19 February 2020

How the doors closed at
Whitechapel Foundry
after almost 450 years

Whitechapel Bell Foundry … established in 1570, closed in 2017 (Photograph: Patrick Comerford, 2020)

Patrick Comerford

I was blogging last night about how Whitechapel Gallery is one of the places I regret not visiting during a walk-around in the East End of London. One of the buildings I could not visit was the Whitechapel Bell Foundry, which was the oldest manufacturing company in Britain until it closed in 2017.

The foundry was known to generations of clergy because it made church bells and their fittings and accessories, as well as single tolling bells, carillon bells and handbells. Even if we did not have Whitechapel bells in our churches, we knew of the foundry because of advertising in church directories, books and magazines.

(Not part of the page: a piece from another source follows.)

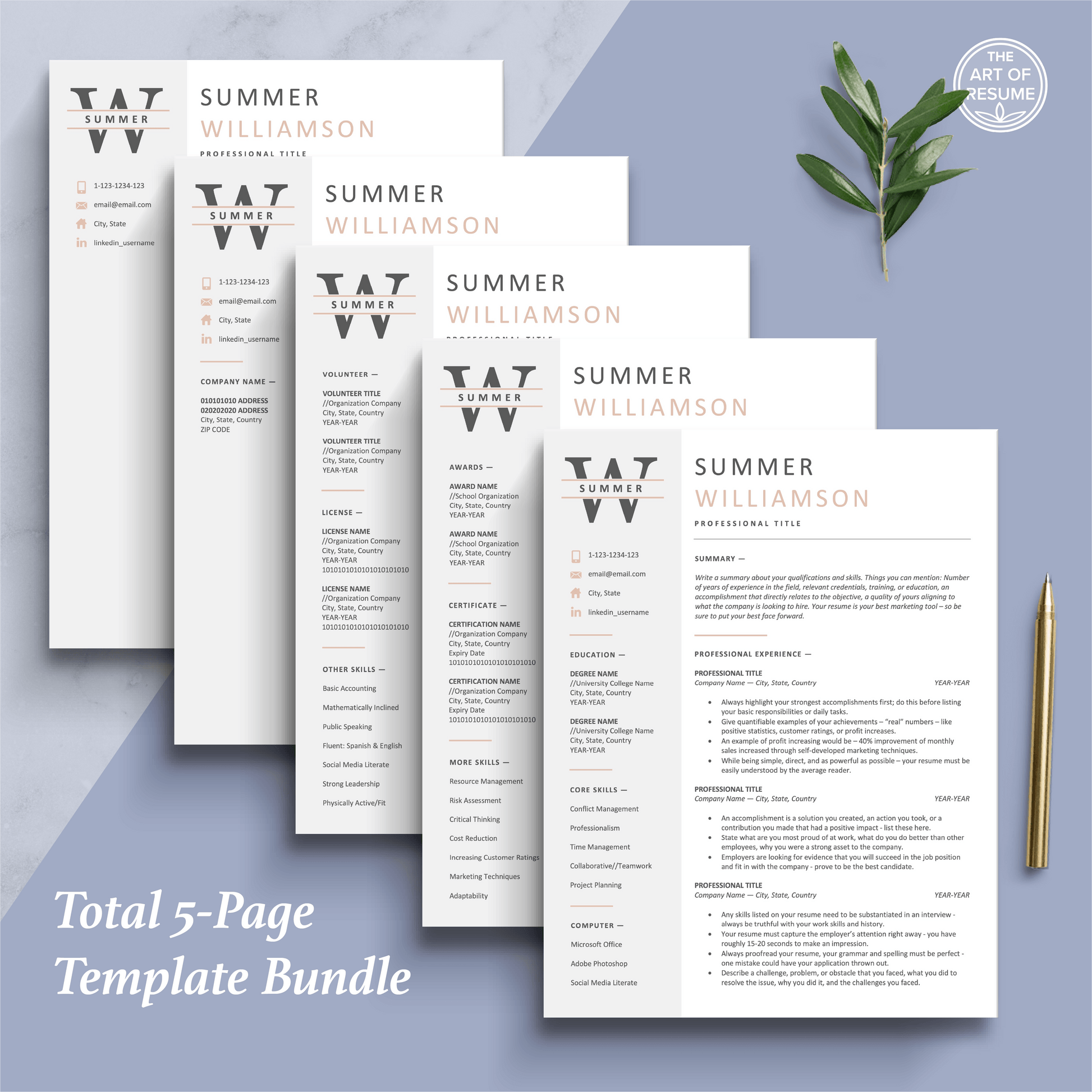 The Art of Resume Templates | Professional  Pink and Grey Resume CV Design Bundle including matching cover letter and reference page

The foundry in Whitechapel was also the place where the Liberty Bell, a symbol of American independence, was made, and for re-casting Big Ben in the north clock tower or Elizabeth Tower at the Houses of Parliament in Westminster.

The Master Founders or bell makers of Aldgate and Whitechapel can be traced back to 1420. The three bells manufacturer’s mark can be seen on the bells and the three bells sign hung over the door of the Whitechapel site.

The Whitechapel Bell Foundry company dates from 1570. The last premises at 32-34 Whitechapel Road, backing on to Plumbers Row, dates from 1670 and was formerly a coaching inn, ‘The Artichoke,’ damaged in the Great Fire of London in 1666.

The Artichoke closed in 1738 and the Whitechapel Bell Foundry moved into the premises the following year. The foundry remained at the site until May 2017. It was one of only two bell foundries left in the UK and had been in continuous production for almost 450 years.

In 1752, the foundry, then known as Lester and Pack, cast the Liberty Bell, was commissioned to celebrate the 50th anniversary of William Penn’s Charter of Privileges in 1701, Pennsylvania’s original constitution.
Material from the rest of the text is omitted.